**Action item:** After locating "Jenny Wren Modern" in the listing below, copy that line and each one after it exactly, ending with the line that has "Gift tin box".

**Supplied entries:**
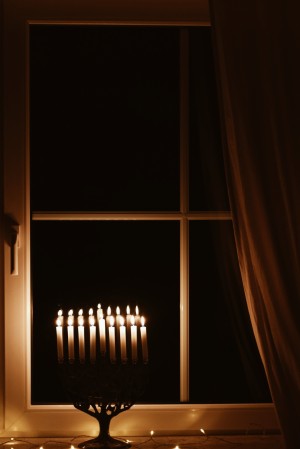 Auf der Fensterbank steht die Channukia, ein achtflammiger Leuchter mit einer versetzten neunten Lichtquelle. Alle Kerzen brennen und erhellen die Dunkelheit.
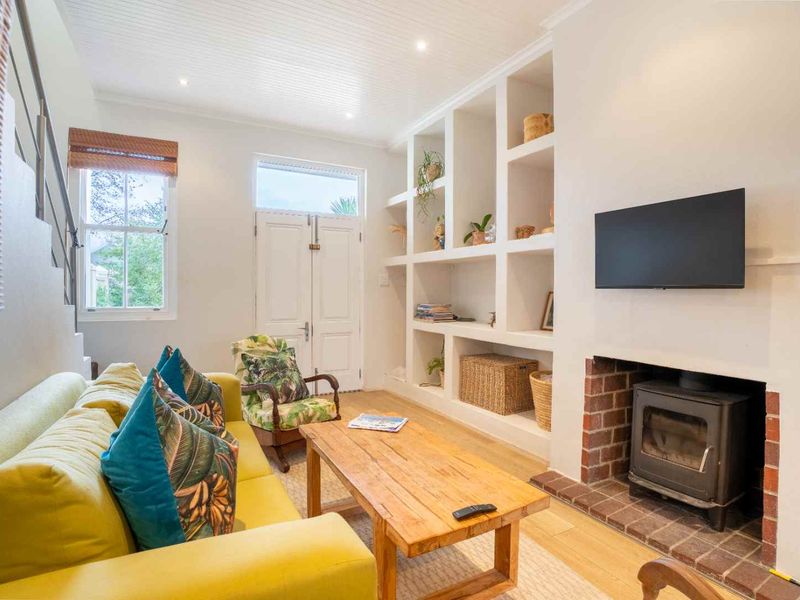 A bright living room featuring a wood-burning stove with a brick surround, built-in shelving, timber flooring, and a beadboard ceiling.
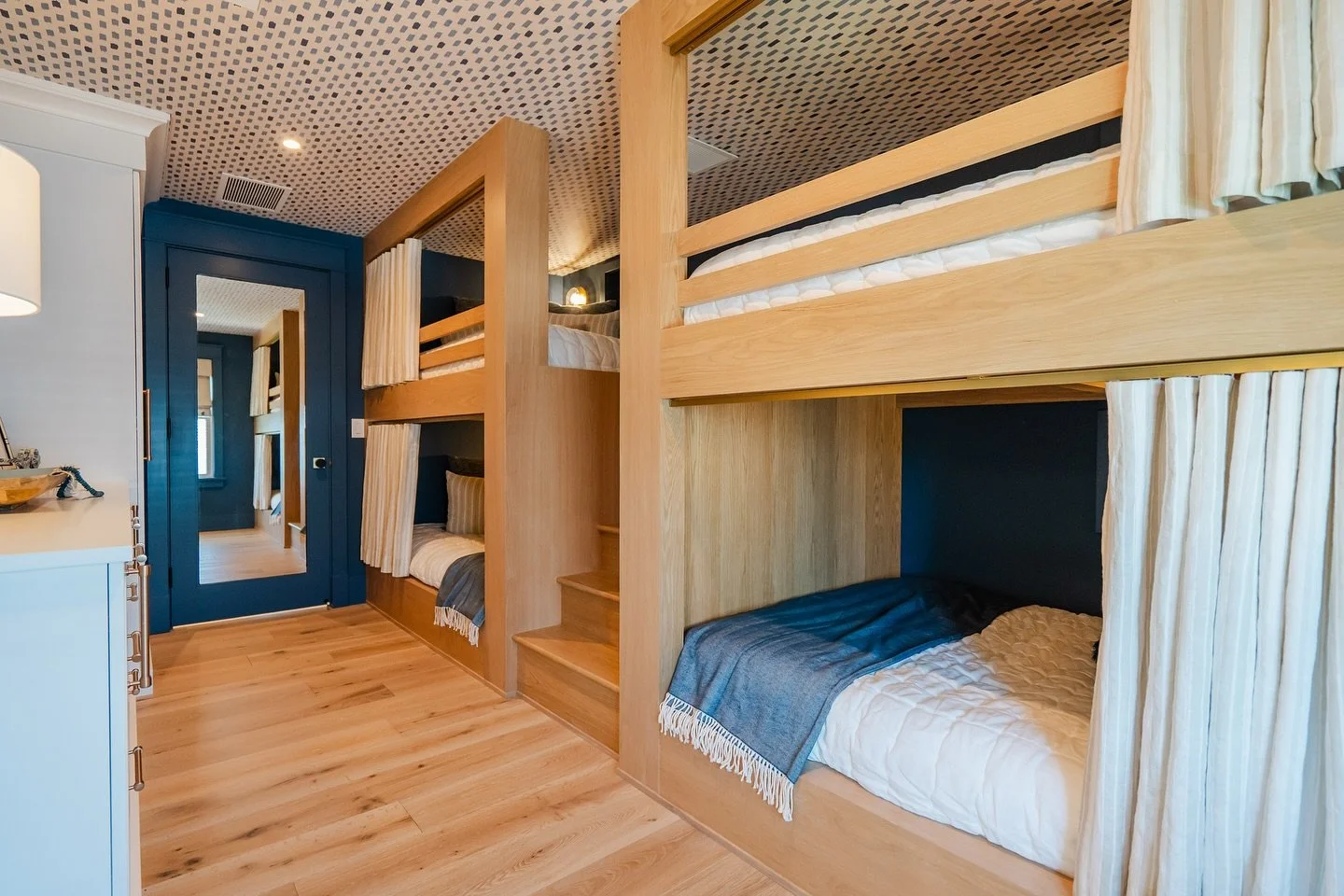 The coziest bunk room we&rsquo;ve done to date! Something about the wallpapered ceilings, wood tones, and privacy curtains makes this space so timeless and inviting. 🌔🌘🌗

==

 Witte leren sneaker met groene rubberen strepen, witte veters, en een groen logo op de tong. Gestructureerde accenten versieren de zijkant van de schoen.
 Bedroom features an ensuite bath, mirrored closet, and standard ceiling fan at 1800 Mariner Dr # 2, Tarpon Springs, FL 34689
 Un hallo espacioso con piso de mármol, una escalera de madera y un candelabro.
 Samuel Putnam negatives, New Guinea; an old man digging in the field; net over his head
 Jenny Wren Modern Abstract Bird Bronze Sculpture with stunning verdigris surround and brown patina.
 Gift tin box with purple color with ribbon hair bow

**Exercise output:**
 Jenny Wren Modern Abstract Bird Bronze Sculpture with stunning verdigris surround and brown patina.
 Gift tin box with purple color with ribbon hair bow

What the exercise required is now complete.